◆ **Your goal**
Reproduce exactly, from the data that follows, the line with "Vyznavači vícemístných bicyklů", the line with "大空を飛ぶ戦闘機 大空を飛ぶ戦闘機 122535968", and every line that lies between them.

◆ **Provided information**
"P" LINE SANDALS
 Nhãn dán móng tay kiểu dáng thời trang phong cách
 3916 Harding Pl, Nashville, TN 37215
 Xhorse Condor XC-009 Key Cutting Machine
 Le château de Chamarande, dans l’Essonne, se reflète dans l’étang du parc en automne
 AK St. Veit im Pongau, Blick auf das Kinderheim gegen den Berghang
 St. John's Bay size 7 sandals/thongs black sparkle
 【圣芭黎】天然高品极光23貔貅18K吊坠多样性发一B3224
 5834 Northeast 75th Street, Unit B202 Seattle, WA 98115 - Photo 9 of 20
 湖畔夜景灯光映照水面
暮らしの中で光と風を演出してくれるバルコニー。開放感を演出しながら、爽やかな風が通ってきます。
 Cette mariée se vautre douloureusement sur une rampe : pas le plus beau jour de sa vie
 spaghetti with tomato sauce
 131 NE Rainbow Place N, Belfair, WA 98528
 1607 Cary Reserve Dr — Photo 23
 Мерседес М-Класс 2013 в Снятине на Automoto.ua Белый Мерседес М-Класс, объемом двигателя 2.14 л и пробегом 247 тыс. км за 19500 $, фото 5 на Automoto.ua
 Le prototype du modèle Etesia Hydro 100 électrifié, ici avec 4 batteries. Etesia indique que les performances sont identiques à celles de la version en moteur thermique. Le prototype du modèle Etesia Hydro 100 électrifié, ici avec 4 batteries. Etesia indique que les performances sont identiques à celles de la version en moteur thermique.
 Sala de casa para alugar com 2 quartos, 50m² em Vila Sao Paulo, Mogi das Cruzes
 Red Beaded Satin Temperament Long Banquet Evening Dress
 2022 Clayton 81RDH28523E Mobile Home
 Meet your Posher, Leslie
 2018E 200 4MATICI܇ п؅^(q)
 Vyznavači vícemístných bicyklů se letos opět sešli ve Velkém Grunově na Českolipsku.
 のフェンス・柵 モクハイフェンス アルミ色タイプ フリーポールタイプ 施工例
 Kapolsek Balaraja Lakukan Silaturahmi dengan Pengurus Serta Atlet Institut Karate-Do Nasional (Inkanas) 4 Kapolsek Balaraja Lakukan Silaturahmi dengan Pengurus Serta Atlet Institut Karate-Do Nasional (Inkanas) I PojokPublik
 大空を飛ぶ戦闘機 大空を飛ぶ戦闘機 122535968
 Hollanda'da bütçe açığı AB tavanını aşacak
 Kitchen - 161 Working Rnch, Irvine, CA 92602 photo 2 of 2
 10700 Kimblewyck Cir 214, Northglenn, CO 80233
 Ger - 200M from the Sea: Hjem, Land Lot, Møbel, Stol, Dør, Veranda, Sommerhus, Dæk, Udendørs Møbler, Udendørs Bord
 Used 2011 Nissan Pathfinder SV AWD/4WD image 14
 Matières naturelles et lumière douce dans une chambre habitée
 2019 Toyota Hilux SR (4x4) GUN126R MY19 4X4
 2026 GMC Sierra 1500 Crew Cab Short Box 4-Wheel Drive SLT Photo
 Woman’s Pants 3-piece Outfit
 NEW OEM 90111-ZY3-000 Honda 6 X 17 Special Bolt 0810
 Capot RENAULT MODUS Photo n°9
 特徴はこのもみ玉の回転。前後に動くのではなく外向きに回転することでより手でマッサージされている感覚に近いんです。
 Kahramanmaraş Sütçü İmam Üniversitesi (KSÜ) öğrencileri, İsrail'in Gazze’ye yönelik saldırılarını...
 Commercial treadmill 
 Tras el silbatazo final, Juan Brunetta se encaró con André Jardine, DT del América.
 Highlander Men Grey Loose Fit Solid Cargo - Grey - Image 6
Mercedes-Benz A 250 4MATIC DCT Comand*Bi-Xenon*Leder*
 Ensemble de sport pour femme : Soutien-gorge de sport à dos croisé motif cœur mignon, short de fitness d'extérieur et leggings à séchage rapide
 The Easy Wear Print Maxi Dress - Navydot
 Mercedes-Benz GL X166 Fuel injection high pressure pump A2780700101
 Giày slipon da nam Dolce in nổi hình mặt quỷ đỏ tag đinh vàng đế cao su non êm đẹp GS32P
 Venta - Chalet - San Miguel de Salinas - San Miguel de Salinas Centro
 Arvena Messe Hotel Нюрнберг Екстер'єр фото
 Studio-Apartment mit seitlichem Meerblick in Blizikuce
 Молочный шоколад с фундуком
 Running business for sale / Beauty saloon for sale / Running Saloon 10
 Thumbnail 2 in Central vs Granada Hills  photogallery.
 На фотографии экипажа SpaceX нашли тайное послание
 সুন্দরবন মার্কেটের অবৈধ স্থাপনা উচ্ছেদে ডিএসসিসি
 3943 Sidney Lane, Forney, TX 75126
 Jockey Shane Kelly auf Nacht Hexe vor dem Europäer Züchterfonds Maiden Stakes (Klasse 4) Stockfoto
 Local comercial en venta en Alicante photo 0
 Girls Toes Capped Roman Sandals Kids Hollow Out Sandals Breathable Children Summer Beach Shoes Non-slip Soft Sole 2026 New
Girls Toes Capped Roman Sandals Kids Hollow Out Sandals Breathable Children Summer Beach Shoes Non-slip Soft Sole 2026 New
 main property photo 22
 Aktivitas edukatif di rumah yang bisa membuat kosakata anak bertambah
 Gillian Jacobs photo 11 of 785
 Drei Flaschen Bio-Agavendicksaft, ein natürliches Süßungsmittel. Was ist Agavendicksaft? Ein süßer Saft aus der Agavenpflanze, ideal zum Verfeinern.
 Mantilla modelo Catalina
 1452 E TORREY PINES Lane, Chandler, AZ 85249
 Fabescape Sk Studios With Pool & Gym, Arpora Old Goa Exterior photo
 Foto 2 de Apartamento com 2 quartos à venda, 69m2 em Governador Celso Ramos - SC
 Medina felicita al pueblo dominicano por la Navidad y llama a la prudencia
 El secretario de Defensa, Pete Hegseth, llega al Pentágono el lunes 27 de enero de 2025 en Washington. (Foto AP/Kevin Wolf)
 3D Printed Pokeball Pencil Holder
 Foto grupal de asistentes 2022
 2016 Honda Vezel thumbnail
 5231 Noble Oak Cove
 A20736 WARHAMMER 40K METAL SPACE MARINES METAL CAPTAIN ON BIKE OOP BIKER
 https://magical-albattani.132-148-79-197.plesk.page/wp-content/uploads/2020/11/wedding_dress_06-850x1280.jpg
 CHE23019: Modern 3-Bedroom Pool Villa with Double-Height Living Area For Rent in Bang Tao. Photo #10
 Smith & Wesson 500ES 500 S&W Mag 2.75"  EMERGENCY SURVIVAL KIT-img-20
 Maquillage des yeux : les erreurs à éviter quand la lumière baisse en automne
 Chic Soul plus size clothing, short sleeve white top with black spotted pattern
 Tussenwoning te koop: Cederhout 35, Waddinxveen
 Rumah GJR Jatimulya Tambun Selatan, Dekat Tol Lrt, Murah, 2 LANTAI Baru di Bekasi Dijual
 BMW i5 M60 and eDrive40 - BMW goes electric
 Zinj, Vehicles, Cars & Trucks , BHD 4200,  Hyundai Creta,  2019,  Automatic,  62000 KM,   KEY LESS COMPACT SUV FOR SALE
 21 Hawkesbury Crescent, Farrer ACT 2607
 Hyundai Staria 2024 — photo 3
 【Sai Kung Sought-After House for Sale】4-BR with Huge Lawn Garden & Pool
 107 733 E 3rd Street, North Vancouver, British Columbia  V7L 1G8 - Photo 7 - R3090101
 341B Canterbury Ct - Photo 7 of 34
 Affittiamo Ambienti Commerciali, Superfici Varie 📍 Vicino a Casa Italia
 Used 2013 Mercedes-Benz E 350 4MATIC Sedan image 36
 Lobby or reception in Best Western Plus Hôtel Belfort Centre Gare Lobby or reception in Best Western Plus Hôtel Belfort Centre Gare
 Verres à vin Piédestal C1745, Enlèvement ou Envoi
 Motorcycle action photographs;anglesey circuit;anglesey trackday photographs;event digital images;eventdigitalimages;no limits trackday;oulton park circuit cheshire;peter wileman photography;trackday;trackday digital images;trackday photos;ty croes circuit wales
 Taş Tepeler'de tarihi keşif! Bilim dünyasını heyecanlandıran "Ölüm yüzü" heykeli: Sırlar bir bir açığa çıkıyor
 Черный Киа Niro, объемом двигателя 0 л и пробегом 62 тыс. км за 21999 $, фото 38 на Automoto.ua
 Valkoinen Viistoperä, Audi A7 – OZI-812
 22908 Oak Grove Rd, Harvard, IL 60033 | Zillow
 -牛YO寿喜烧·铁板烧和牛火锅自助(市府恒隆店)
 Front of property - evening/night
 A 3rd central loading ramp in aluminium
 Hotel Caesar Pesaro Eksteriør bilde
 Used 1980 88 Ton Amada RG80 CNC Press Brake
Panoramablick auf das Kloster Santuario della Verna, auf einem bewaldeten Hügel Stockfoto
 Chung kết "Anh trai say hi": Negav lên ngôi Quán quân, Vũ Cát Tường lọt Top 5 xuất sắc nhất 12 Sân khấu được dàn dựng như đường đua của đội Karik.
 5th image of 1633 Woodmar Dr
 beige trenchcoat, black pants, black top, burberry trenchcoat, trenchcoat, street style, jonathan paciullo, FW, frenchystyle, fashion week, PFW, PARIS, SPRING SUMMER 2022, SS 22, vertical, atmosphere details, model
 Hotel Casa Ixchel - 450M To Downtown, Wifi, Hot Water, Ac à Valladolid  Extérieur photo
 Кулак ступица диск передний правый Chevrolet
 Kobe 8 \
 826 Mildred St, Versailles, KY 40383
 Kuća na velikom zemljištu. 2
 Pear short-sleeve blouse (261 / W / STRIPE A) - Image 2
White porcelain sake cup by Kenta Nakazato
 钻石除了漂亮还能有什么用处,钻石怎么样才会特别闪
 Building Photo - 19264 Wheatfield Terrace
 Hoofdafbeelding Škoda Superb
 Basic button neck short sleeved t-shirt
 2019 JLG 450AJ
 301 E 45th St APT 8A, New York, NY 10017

◆ **Output for this exercise**
 Vyznavači vícemístných bicyklů se letos opět sešli ve Velkém Grunově na Českolipsku.
 のフェンス・柵 モクハイフェンス アルミ色タイプ フリーポールタイプ 施工例
 Kapolsek Balaraja Lakukan Silaturahmi dengan Pengurus Serta Atlet Institut Karate-Do Nasional (Inkanas) 4 Kapolsek Balaraja Lakukan Silaturahmi dengan Pengurus Serta Atlet Institut Karate-Do Nasional (Inkanas) I PojokPublik
 大空を飛ぶ戦闘機 大空を飛ぶ戦闘機 122535968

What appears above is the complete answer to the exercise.